Work instructions –
Your job is to print, exactly, the lines in the data below from the line with "edit and proofread ai content, humanize" through the line with "Lampade da tavolo", both included, and to omit any picture.

Material for the task –
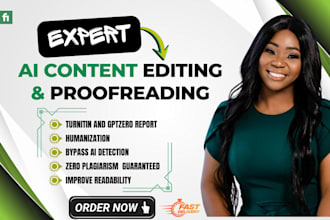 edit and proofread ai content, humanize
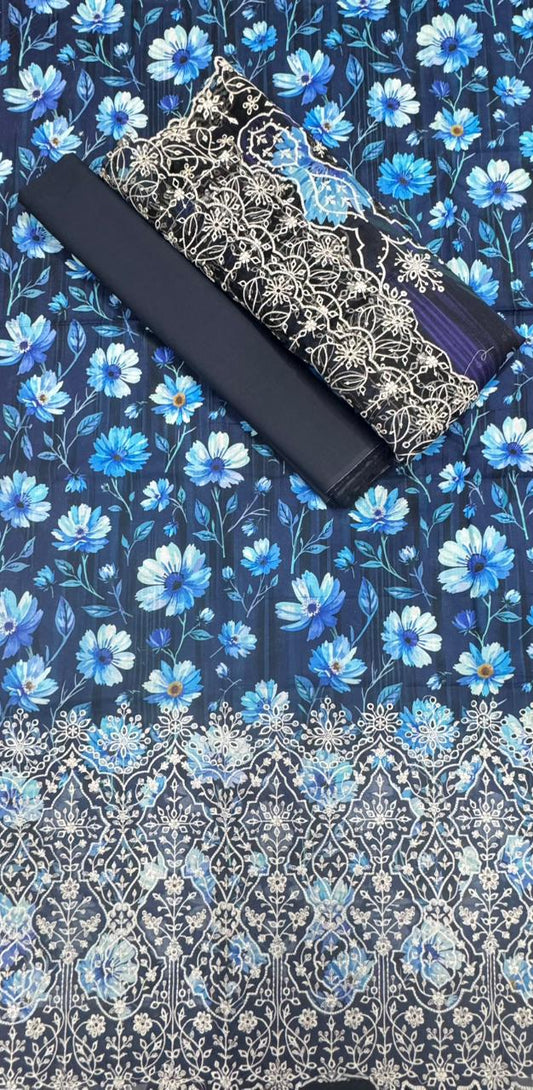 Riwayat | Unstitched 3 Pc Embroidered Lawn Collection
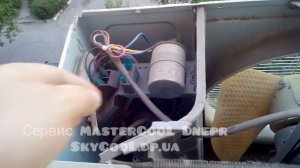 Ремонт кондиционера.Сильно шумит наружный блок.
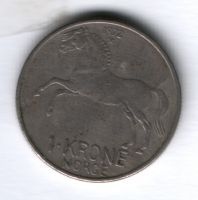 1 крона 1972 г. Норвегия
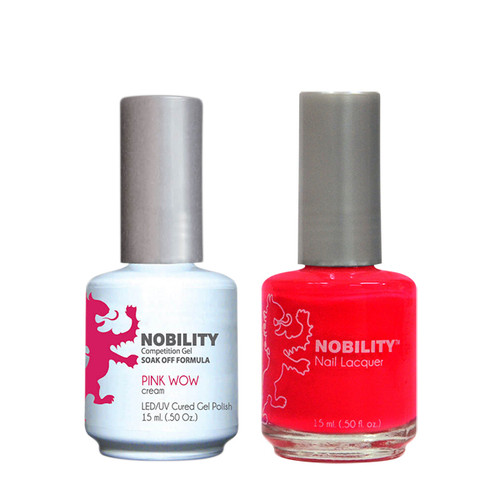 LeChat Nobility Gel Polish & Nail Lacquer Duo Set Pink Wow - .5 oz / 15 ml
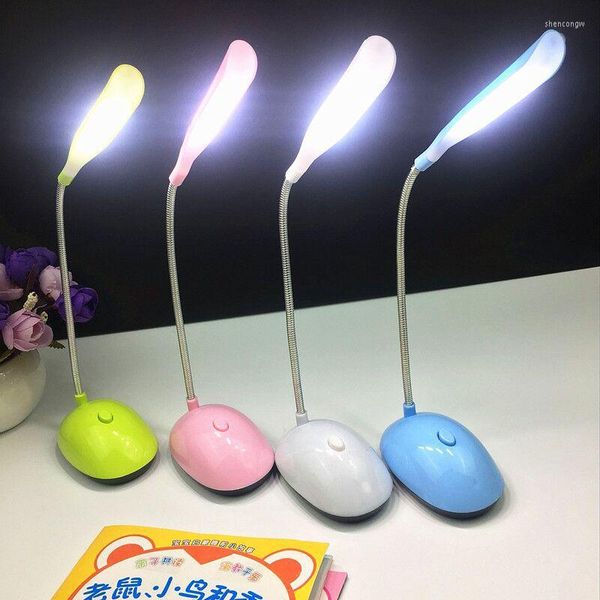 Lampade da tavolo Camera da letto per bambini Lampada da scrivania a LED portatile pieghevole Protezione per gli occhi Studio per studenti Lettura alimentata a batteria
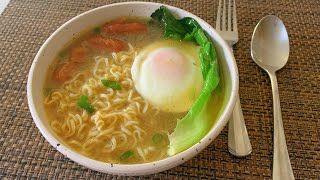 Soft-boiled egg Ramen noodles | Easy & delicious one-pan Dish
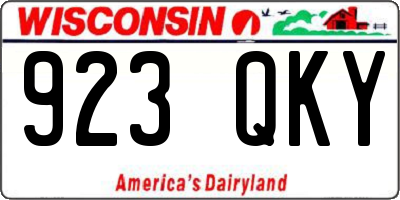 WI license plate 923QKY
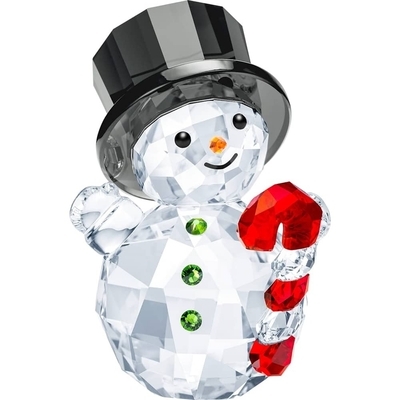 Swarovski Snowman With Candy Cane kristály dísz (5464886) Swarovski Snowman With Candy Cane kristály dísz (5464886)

--

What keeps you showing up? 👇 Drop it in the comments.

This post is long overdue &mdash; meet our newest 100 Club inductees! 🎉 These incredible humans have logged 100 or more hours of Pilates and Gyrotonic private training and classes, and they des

Response –
 edit and proofread ai content, humanize
 Riwayat | Unstitched 3 Pc Embroidered Lawn Collection
 Ремонт кондиционера.Сильно шумит наружный блок.
 1 крона 1972 г. Норвегия
 LeChat Nobility Gel Polish & Nail Lacquer Duo Set Pink Wow - .5 oz / 15 ml
 Lampade da tavolo Camera da letto per bambini Lampada da scrivania a LED portatile pieghevole Protezione per gli occhi Studio per studenti Lettura alimentata a batteria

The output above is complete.